Since I was driving through my old stomping grounds, a visit to Marie Antoinette Lookout on Route 6 was a must to test out my new camera.  When I arrived the fog was still lifting from the river valley below and the view was better than I had remembered it to be.  My father took us to this site many times a year on our Sunday afternoon drives and I still recall when Route 6 went directly past the lookout and between the narrow rock cuts.  The beautiful stonework has been refurbished within the past five years and was extremely well done.  If you’re a local Marie Antoinette Lookout is nice but the real thrill of excitement comes at Wyalusing Rocks just east of here along Route 6.  There was a group of motorcyclists just preparing to leave when I arrived and a few other people still on the rocks but by the time I left I was alone on these ledges high above the Susquehanna River.
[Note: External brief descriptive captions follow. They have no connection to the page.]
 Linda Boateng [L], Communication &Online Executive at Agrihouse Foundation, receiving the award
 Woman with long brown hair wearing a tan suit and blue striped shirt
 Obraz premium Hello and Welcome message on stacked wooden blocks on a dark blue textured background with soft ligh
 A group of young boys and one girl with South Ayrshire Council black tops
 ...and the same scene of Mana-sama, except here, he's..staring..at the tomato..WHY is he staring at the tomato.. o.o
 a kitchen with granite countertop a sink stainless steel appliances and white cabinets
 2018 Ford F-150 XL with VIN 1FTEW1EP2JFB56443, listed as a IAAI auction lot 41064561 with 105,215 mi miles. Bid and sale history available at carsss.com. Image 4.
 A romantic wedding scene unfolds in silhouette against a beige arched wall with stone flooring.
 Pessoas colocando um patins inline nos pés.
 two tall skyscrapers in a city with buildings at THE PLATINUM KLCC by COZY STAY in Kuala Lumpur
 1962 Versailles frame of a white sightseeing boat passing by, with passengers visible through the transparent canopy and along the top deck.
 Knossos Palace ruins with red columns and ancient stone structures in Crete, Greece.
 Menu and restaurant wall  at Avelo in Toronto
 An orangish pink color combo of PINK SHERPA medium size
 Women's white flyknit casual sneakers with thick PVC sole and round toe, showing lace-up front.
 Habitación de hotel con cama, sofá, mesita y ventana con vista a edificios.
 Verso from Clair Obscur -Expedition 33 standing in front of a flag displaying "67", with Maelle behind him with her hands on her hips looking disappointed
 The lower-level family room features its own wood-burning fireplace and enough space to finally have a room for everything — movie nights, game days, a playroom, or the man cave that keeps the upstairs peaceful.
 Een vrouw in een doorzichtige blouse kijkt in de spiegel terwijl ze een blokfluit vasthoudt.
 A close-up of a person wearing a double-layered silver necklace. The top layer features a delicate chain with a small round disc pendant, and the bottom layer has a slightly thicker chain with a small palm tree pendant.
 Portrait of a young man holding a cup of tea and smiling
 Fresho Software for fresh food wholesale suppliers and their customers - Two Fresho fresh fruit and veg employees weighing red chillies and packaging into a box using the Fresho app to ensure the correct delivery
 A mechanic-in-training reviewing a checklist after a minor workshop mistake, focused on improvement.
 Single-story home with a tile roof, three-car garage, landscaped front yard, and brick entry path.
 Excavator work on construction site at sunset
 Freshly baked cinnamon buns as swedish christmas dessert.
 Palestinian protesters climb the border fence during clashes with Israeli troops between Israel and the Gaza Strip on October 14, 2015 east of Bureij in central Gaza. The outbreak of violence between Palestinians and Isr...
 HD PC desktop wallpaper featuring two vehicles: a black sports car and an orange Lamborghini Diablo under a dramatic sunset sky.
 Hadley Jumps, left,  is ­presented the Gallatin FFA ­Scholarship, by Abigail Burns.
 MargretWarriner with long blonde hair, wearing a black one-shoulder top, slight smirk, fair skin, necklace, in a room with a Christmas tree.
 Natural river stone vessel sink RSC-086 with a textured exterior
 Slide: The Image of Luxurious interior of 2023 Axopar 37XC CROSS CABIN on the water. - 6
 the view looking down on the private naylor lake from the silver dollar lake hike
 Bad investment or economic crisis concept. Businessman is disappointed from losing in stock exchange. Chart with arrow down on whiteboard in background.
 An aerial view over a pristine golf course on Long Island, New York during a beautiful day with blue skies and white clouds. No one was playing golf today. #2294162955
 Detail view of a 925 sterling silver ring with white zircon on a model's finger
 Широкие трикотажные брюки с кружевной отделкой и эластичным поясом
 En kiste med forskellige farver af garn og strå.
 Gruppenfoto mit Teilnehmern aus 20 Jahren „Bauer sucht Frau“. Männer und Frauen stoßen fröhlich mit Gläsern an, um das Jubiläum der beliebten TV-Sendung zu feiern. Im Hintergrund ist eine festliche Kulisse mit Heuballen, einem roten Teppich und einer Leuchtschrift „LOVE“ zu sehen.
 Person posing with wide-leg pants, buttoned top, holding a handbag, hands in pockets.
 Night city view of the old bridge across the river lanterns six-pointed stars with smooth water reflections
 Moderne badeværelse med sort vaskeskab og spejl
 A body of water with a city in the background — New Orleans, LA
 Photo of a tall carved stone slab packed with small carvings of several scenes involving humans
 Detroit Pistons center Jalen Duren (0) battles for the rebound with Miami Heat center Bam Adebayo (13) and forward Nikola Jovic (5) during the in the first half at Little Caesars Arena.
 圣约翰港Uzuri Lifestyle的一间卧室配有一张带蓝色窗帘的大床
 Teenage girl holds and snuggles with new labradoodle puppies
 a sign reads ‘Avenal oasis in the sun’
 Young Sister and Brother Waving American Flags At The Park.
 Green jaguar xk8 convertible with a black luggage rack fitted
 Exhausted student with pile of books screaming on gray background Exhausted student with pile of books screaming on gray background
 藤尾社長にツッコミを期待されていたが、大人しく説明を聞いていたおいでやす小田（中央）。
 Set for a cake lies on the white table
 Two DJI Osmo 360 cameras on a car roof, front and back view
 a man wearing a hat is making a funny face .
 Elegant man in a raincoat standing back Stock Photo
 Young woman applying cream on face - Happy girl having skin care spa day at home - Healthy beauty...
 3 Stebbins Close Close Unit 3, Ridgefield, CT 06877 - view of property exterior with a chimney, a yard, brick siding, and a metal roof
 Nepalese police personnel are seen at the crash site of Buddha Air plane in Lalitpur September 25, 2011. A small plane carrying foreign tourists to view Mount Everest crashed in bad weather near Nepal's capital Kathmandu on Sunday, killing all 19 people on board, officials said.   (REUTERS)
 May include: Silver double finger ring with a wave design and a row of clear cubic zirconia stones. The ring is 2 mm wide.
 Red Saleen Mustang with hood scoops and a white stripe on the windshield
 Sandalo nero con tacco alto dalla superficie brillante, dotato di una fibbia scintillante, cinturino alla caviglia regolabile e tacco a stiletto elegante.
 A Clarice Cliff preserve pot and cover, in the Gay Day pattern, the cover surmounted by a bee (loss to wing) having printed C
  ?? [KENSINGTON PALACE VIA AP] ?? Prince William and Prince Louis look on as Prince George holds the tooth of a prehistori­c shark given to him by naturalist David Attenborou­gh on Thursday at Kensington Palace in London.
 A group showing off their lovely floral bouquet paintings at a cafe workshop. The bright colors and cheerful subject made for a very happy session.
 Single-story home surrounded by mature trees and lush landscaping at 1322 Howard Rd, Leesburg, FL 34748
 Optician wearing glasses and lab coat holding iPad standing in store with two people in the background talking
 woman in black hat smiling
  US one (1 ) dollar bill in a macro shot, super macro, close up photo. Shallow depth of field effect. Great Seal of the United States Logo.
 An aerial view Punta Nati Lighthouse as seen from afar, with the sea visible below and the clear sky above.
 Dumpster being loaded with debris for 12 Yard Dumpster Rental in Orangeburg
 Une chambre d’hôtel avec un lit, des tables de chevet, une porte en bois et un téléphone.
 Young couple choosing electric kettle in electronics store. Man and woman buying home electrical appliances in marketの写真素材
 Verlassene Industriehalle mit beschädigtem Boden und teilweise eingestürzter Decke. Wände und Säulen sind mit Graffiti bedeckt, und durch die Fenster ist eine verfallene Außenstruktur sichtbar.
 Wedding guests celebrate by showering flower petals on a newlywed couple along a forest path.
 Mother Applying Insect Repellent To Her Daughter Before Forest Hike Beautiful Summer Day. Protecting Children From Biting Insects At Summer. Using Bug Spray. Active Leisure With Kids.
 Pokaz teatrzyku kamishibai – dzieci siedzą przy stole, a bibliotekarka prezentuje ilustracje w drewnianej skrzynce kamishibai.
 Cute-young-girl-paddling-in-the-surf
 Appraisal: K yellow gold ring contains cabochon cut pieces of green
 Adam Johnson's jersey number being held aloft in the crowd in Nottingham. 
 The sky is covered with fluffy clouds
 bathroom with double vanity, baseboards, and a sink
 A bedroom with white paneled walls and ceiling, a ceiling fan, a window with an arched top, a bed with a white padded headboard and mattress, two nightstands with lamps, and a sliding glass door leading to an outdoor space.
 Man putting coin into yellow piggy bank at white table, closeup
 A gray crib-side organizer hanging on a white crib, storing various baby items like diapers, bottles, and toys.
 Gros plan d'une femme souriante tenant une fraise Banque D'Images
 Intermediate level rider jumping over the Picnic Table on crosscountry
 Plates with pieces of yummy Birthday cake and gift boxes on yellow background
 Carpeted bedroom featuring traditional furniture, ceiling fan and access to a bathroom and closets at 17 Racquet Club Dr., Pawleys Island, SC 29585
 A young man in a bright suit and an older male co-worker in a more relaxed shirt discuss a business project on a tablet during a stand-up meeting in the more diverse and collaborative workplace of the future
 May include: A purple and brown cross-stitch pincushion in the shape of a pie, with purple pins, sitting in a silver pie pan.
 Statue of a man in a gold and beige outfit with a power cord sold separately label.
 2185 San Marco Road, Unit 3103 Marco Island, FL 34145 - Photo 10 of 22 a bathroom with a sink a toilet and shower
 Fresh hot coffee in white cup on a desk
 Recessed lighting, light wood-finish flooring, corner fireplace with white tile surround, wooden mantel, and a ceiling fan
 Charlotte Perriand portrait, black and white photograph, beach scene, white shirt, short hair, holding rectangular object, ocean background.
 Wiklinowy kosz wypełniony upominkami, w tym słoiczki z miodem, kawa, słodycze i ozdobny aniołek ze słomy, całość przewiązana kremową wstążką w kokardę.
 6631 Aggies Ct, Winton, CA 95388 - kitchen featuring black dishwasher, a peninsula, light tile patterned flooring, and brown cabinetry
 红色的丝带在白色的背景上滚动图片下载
I had my GPS programmed for “least use of highways” and allowed her voice to guide me through places I have never been to a park north of Wilkes-Barre named for a little girl who was kidnapped from her home by Delaware Indians in 1778.  She spent her first night in captivity under a rock ledge in what is now Frances Slocum State Park.  It was a beautiful day with sunshine, blue sky and large white clouds and the views around the lake were spectacular.  I did not know the man and his son in my photos but I liked the contrast of their red clothing with the background.  I began a short hike to the rock ledge and before I reached the area, my camera battery died.  Rather than walk back to the car, I completed the hike sans camera, returned to my car for my older camera then hiked the loop in the opposite direction.

For years I have used a Canon Powershot S3 6.0 Mp 12x zoom and can’t say enough good things about it.  It uses AA batteries and takes great photos.  The only drawback is its size – a great camera to wear around your neck but at times it can be too bulky.  I began to have problems with the camera during Tour #7.  Sometimes when I use the zoom, the camera immediately shuts off.  In July I decided to buy myself a Nikon camera.  I plan to keep my Canon and continue to use it and will be interested in comparing the two.  My father was extremely interested in photography.  When we were growing up he always had his camera (or two) wherever we went, his favorite media begin slide photography.  I still remember sitting in front of the large projection screen, viewing his pictures or home movies.  He would have loved the digital age as I do.  You know immediately if you “got the shot”, there’s no cost to develop so you can take thousands of photos (and maybe get a few good ones!), and let us not forget we can easily use software on our personal computers to make our photos better.  It took me a while to get accustomed to the smaller size of my new Nikon Coolpix S9500 (18Mp 22x zoom) but I am very happy with it and am sure I have not even skimmed the surface of its capabilities.  That said we all need to have reliable back-ups of our digital photos.  I recently lost a relatively new external hard drive that contained the only copies of all my digital photos for approximately 10 years.  The verdict on the drive is not yet in so I can only hope.

After I completed Frances Slocum Trail a second time I checked out the rest of the park.  There is a beautiful swimming pool that was unfortunately not open due to no lifeguard for the day.   I left the park and headed west toward my next stop using my GPS to guide me.  When I passed a Lackawanna State Forest sign, I found a place to turn around and went back to take my photo.  I had never entered Ricketts Glen State Park from the bottom of the glen before so it was a treat to stop here and see the last of the twenty-two named waterfalls in the glen.  At the top of the park I drove through the day use area parking to see how many people were out enjoying the day (quite a few) and was not surprised to find the park office closed for the day.  When I tell people about my travels to state parks I am sometimes asked which my favorite is.  I can never give a concise answer because I have many favorites for different reasons.  Ricketts Glen is the park most others name as their favorite.  It gets placed on my must-see list, along with a few others I have seen (and probably many I have yet to see.)

From Ricketts Glen to home is a very familiar route as most of it is the same road to Worlds End and through my hometown of Towanda.  After stopping to harvest some wild catnip in an old familiar place I surprised my mother with a short visit before returning home with forty-eight parks check off my list.